Well, we (the wives) entered into our faith through various ways and met him afterwards, and found there was a connection with him and later with each other. I don't think he ever really thought about having four wives. He did not think about a 3rd before he met me, I know for sure!

3rd... said...

@mum-me: noo, sadly nobody knows..I am not happy about having to lie. Not at all. I read such a sad post on 4thefamily.us - a 2nd was posting that their husband had died unexpectadly and she was having such a hard time because she had to mourn in secrecy - how to explain you need to mourn over the death of your best friend's husband she said. Terrible.

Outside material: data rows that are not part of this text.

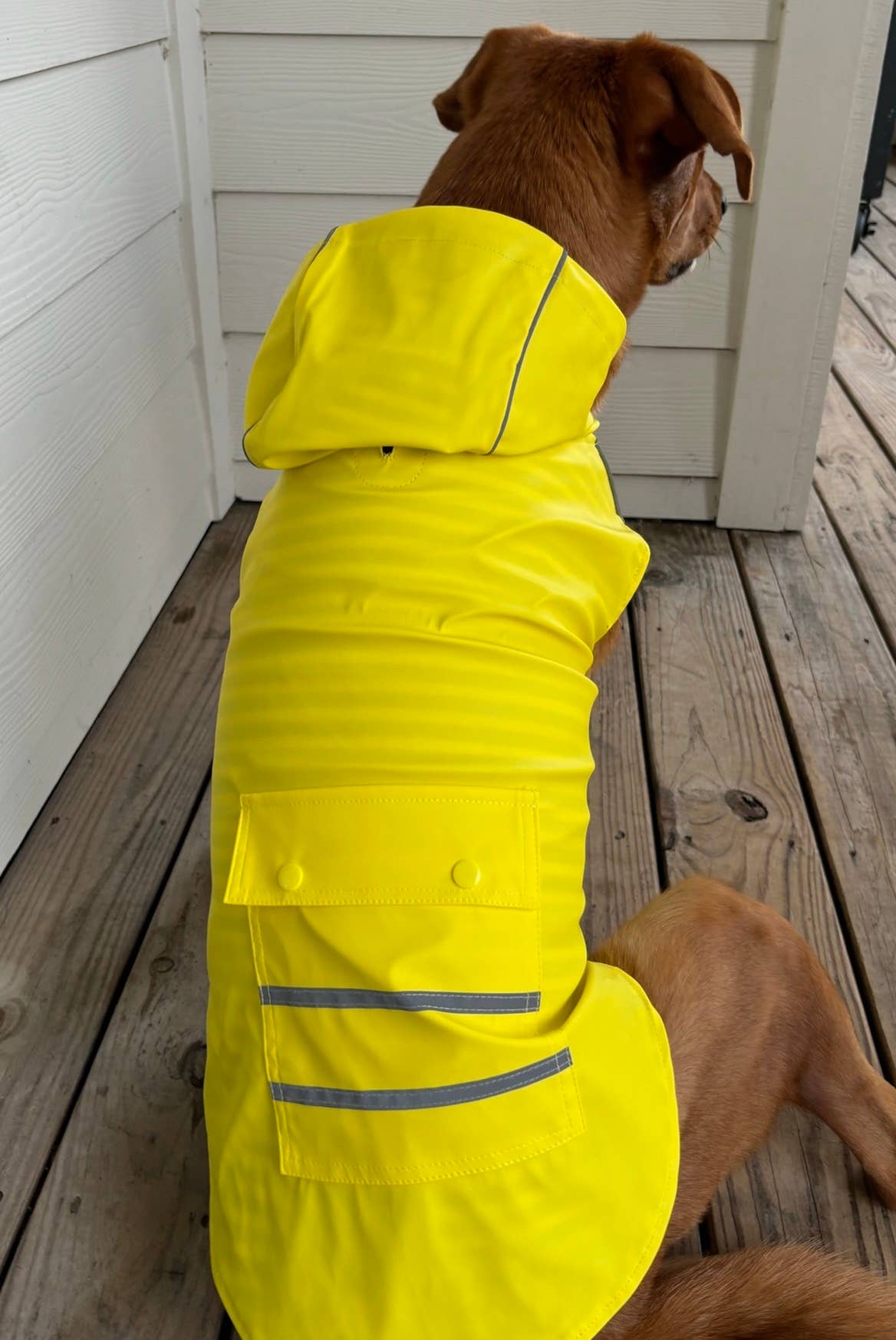 Doggie Design - Wholesale Pet Raincoat - Dog - Slicker Raincoat with Striped Lining - Yellow5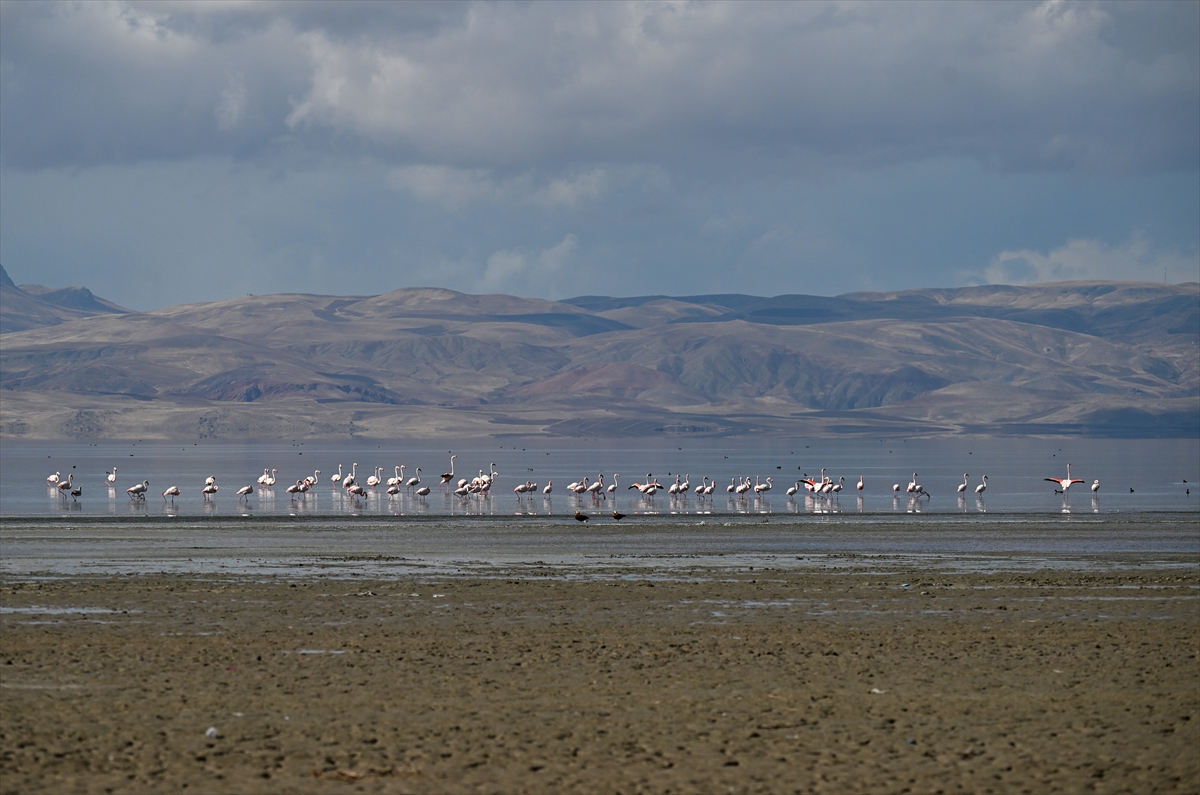 A A 20251024 39505405 39505396 V A N D A K I E R C E K G O L U 30 Y I L D A 6 K I L O M E T R E K A R E A L A N K A Y B E T T I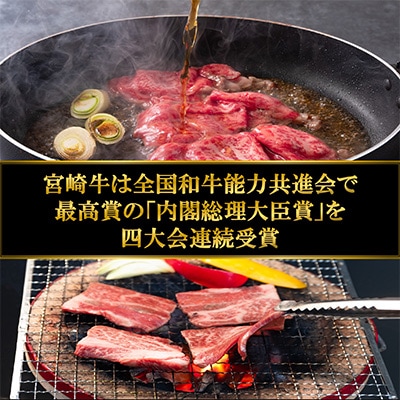 【毎月定期便】宮崎牛いろいろ部位食べ比べ贅沢セット総重量4.3kg【MI233】全6回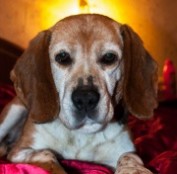 Ms Daisy - reserviert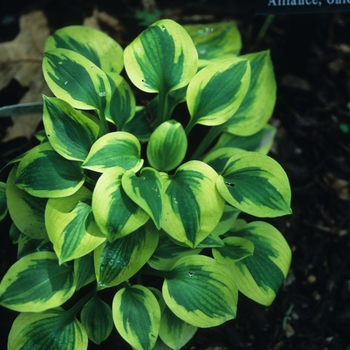 Hosta 'Sultana'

From day to day, its ok.. but what's annoying is that my family wonders why I am still single - my friends also.. they are trying to set me up with guys and stuff. That's quite funny actually.. lol

Lazeena Umm Yusuf said...

as salaamu alaikum my dear sister

mashaAllah i stumbled upon your blog and i really enjoy it =) may Allah make things easy upon your situation and allow for the best possible way for your news to be known at the best time, ameen!!

Musleema said...

Sister, Im not so sure it is permissible to keep secrets such as a marriage from your family, whether they are Muslim or not. Let's think about this from an Islamic point of view, when you say you keep this from them and that they are wondering why you are still single that suggests that lies have had to be told to quiet their concerns over you. If this is correct, lying is haram in Islam. Marriages are supposed to be announced to the community, and your family, especially your parents are apart of your community. Part of the reason for annoucing the marriage is to protect the honor of the woman. If your family were to see you alone with your husband but know he is your husband, they are not going to think good of you or your husband. Wallah, if you want this marriage to last put Allah first and obey His commands to treat your family well and avoid consistent sin. Wa billahe tawfiq.

3rd... said...

@musleema - thanks for stopping by and for being concerned with my spiritual well-being! Don't worry though, my parents are secular. Marriage means very little to them. I am truly convinced they would be fine with me being gay but have a hard time grasping the fact I am 3rd, especially since it has to do with my beliefs..

lala said...

salam alekium,
You have such an interesting blog! It's great to have an insight into something I know so little about, so I'm glad you've decided to take the time to write here. I've found myself checking it a lot lately for updates and, if it's OK with you, I've added a link to your blog on mine.

Anonymous said...

Awww that is sweet I am glad things are going to well for you......but as for me.....I am thinking of a plastic bag, a shovel, an d some cement for my co-wife...........YA Allah(swt)

3rd... said...

@inshaallah99 - wow u've got 4 blogs! I hardly find the time to write just one..lol!! Thanks for ur sweet comment and sure link away. I'll try to read through your blog as well! peace

3rd... said...

@theangrymuslimah - well at least now I understand why u chose that nick! LOL!
I appreciate your honesty.. I guess we all get that way some times. You don't blog about ur stuff anymore?

lala said...

lol yes, i never update them though :)

C said...

My mother would rather me be gay instead of poly as well. I think she's just a man-hater. She says she "supports" my choice, but she occasionally makes mean remarks about Hubby.
When he picked her up at the airport for her last visit, she said, "Hey there. How's the Harem?"
She thought she was very funny, I'm sure. But I know she thinks I'm opressed or something.